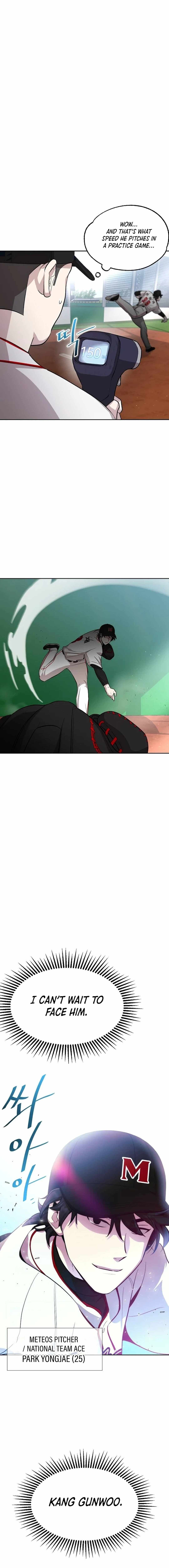Genius Hitter Hits Fastball Chapter 9 — Page 22
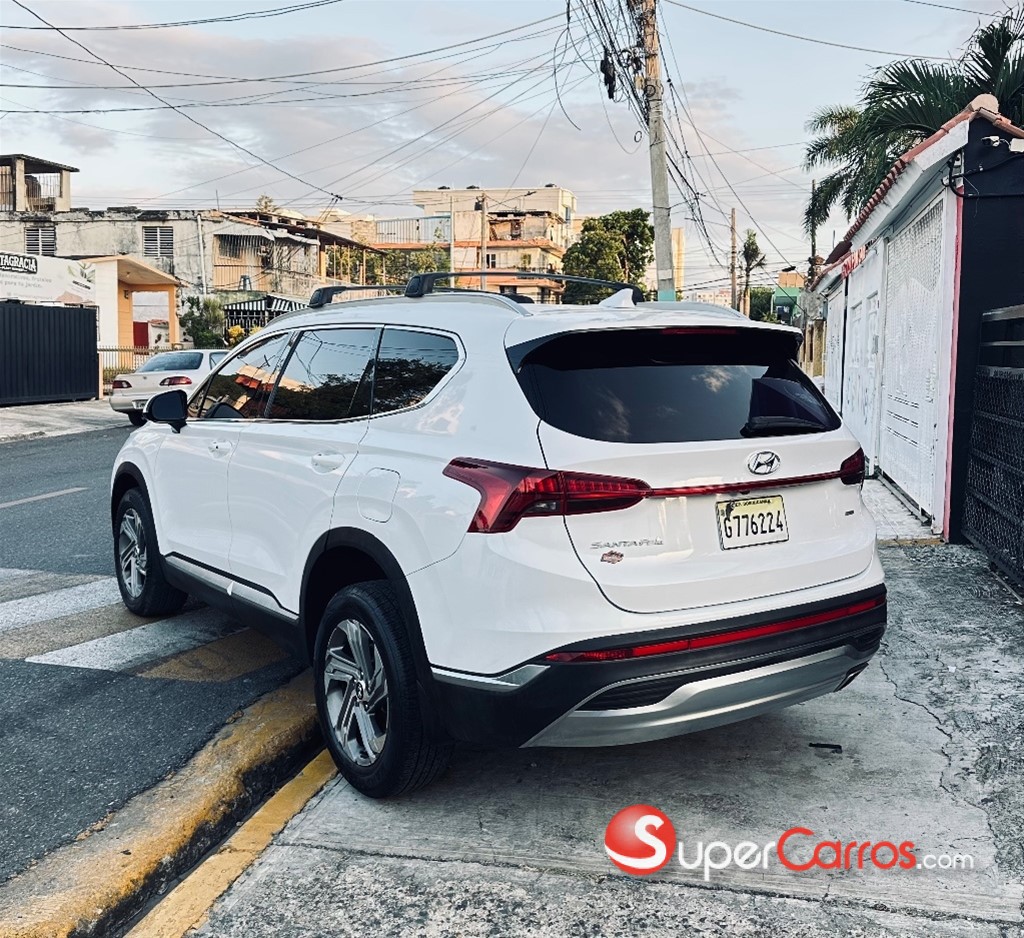 2022 Hyundai Santa Fe SEL — foto 5 / 9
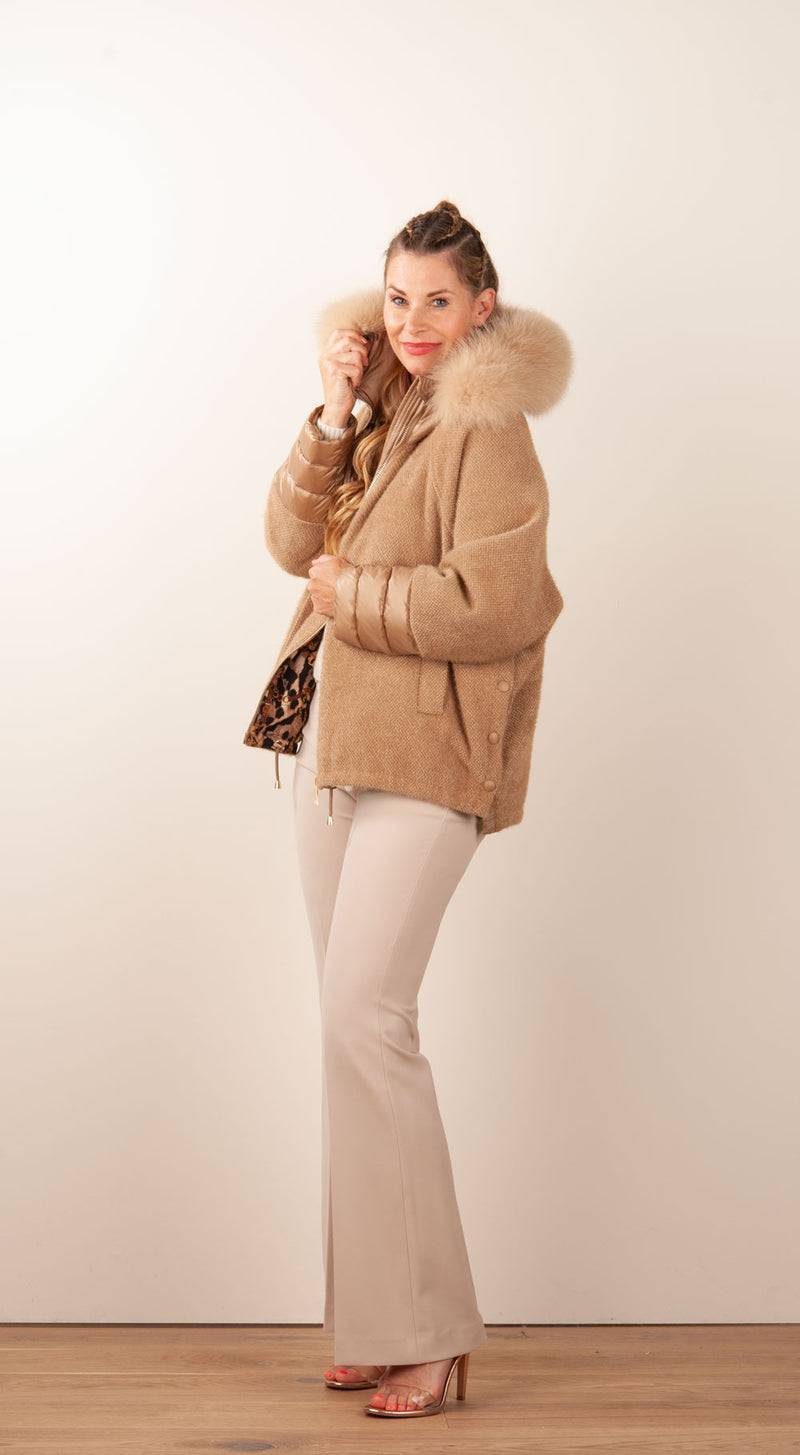 MDF Marco Del Forte Jacke Camel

★ ★ ★ ★ ★

### What this task involves:
Reproduce the data above verbatim, minus any images.

### Written answer:
Genius Hitter Hits Fastball Chapter 9 — Page 22
 2022 Hyundai Santa Fe SEL — foto 5 / 9
 MDF Marco Del Forte Jacke Camel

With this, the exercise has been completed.